At a recent holiday party, I discovered that two of the five people at my table were diabetic, all had arthritis, most fell frequently, and we all knew what GERT was. 

“What did we talk about at parties when we were young?” one asked.

“Sex?” another suggested.

“Huh?” was the general consensus answer.

I’ve had a cane for several years, a necessity even after three knee replacement surgeries. I use it mostly when shopping so nice people will open doors for me, and when walking on uneven ground so nice people won’t have to  call 911 for me. I plan to buy a Medic Alert bracelet as soon as I can find one that reads, “Don’t Get Me Started!”

I have several doctors, each one specializing in a different organ or part of the body. Specialization has become even more targeted, with doctors treating limited areas, and finding a doctor for any one place is like tuning a piano–trial and error until you find the right one. 

“I’m sorry. Your knee hurts, and I stop at the elbow. Would you like to see my colleague? He’s a leg man.”

My husband Bryan is finally retiring next month, This decision triggered a whole new batch of experiences. I have waded through the Okefenokee Swamp of Medicare, trudged the Badlands of 401k distribution, and crawled through the Death Valley of Social Security (no pun intended). I was well-prepared for these tasks by my major in Romance Languages in college. It fell to me, instead of my business-degreed husband, because he had all he could handle being a short-timer. 

Not that he doesn’t deserve a happy retirement. He has worked since he was sixteen. I am fond of saying he handled data processing for Julius Caesar during the Gallic Wars. Admitted hyperbole, he did start in the days of punch cards. His career was made in the nascent technology world of Texas, which somewhat made up for being shunned at parties after disclosing his occupation.

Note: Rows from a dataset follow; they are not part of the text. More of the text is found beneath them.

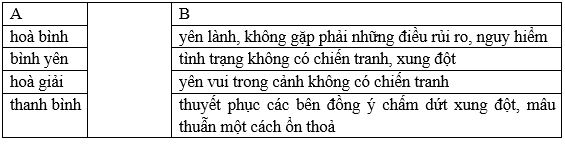 Vở bài tập Tiếng Việt lớp 5 Tập 2 trang 91 Bài 1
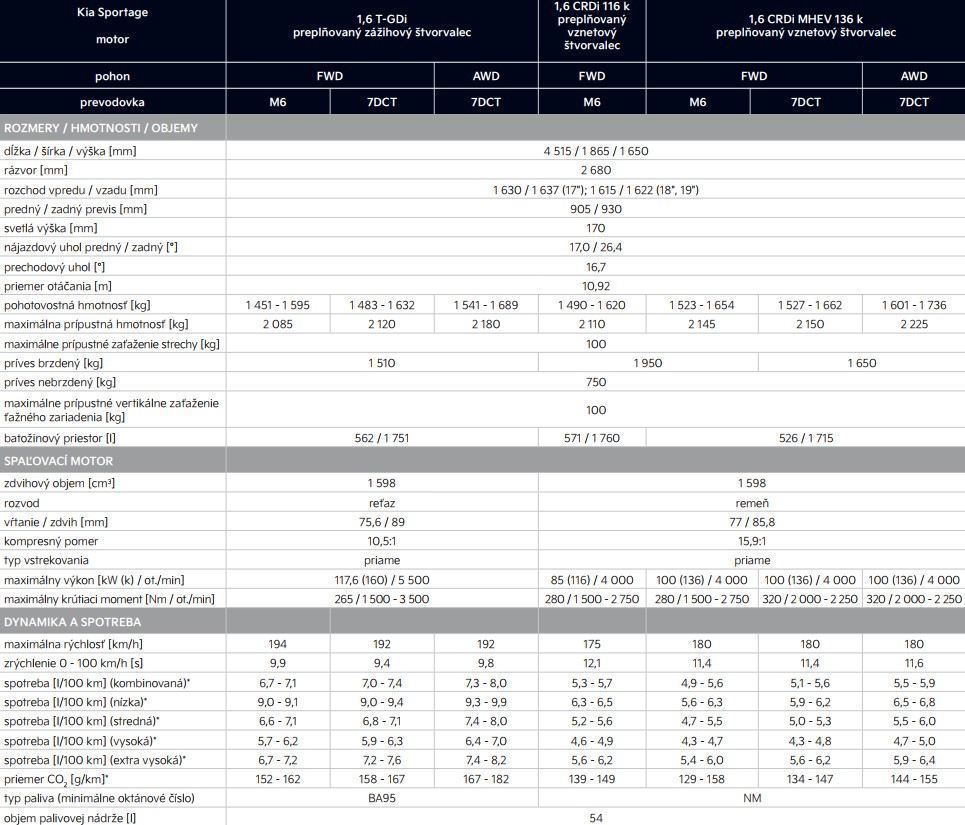 Kia Sportage - technické údaje (2025)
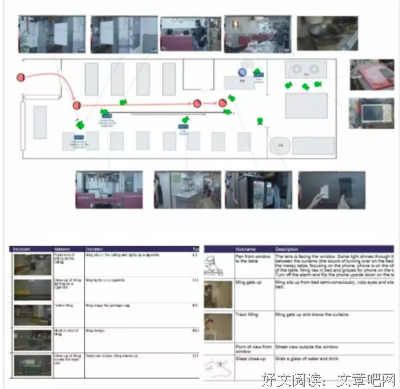 《性的张力短片集》好看吗？经典影评锦集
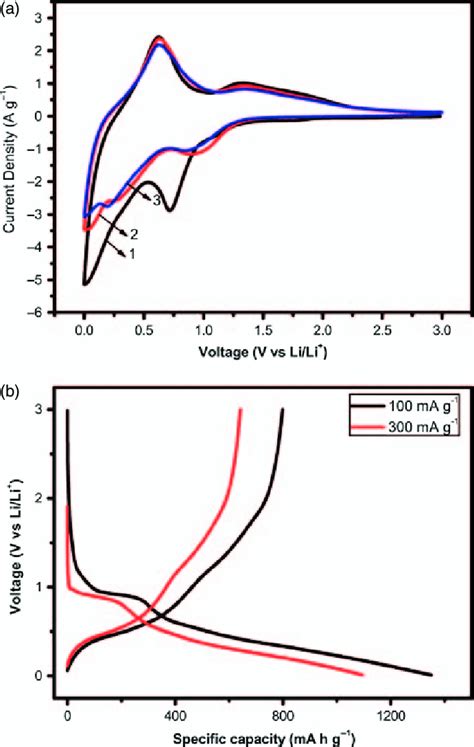 A Cv Curves Of As Synthesized Sno 2 C Fibers With A Scan Rate Of 1 Download Scientific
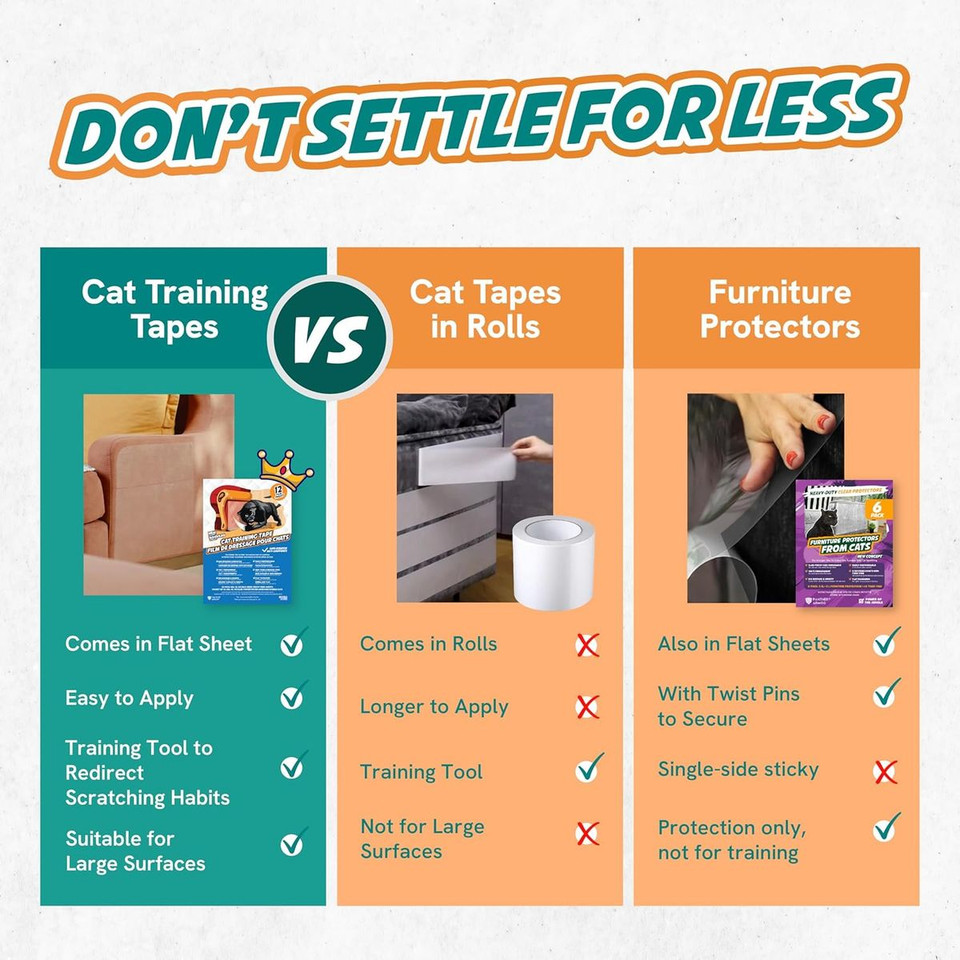 Panther Armor Cat Scratch Deterrent, Double Sided Tape (12 Count) product image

This lasted until the advent of PCs. When everyone had one at home, he became sought-after at parties by people wanting free user support.

We’re still discussing our retirement plan. He wants to be a fulltime Happy Camper. As you might guess, me, not so much. We will reach a compromise eventually, if we just live long enough. After all, we’ll both be in our OMG 70s, and we have to do something before our I Can’t Believe I’m Still Alive 80s.



March for Our Lives 2018, Georgetown, TX

Saturday, March 24, 2018, a date to remember; the day I took a walk on the wild side again with March for Our Lives. People of all ages, especially young people, took to the streets of America to insist on common sense in those who govern–or else. And I was out there with them! They aren’t out to ban all guns; they just want them to be as regulated as decongestants are. I admit I want to keep military grade weapons out of the hands of all civilians. You don’t hunt anything with an assault rifle but human beings.

A little background. I just turned Almost 70. The last time I marched in a protest I was 21. It was May, 1970, and I was outraged over the Kent State Massacre. I was no stranger to protesting then, although I’ll admit most of my demonstrations were more like pranks than assault and battery. An African-American guy friend and I brought on tachycardia in more than one chaperone by showing up at university mixers together. I carefully noted the responses to my strolls across campus with Jerry Rubin’s Do It! under my arm, cover out, with an arrogant scowl on my face. (Actually, I never managed to read his book all the way through. Really bad writing.)

Fast forward 48 years. My guy friend was a senior editor and later associate publisher of a major northwest newspaper and has passed. Jerry Rubin became an entrepreneur. I have five grandchildren and am best known as Grammy. I’ve had two knee replacements on the same knee, back problems, and I use a cane sometimes. Saturday afternoon was a homecoming for me.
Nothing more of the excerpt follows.